C’est pourquoi, dès qu’il s’agit de famille - socle de tous les conservatismes possibles parce que c’est là, en ce lieu de l’intimité la plus stricte, que commence le premier rapport de domination - le droit et l’institution judiciaire peinent à faire face aux mutations sociétales.
La famille n’est pas qu’une affaire privée, c’est aussi un enjeu de société configuré par la justice et le droit.
Une phrase
« La langue du droit n’est pas la langue du commun. »
« Giorgia Meloni a fait de la GPA un crime universel, qualificatif en principe réservé à la pédophilie ou aux crimes de guerre. »
« Le droit des familles c’est de la souffrance. »

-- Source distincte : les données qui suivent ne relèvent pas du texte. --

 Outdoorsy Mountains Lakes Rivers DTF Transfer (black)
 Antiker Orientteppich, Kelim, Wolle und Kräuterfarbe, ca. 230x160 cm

« Cet enfant il a grandi avec son père. Il ne le déteste pas. Cet enfant il aime son père. Il a juste besoin de retrouver sa mère, c’est pas la même chose. »
« Déposer plainte c’est se délester, reporter la responsabilité sur la justice. »
L'auteur
Artiste et directrice du Centre Dramatique National d’Orléans (CDNO), Émilie Rousset écrit des pièces (Reconstitution : Le Procès de Bobigny) et des films longs ou courts (Rituel 4 : Le Grand Débat, Les rituels) pour lesquels elle utilise l’archive et l’enquête documentaire.
A partir de ses collectes, Émilie Rousset invente des dispositifs dans lesquels des comédien-ne-s incarnent les paroles. Le montage qu’elle utilise joue sur le décalage entre le document et sa mise en scène pour mieux sonder le fonctionnement de notre société contemporaine.
Affaires Familiales a été créé en juillet 2025 lors du Festival d’Avignon.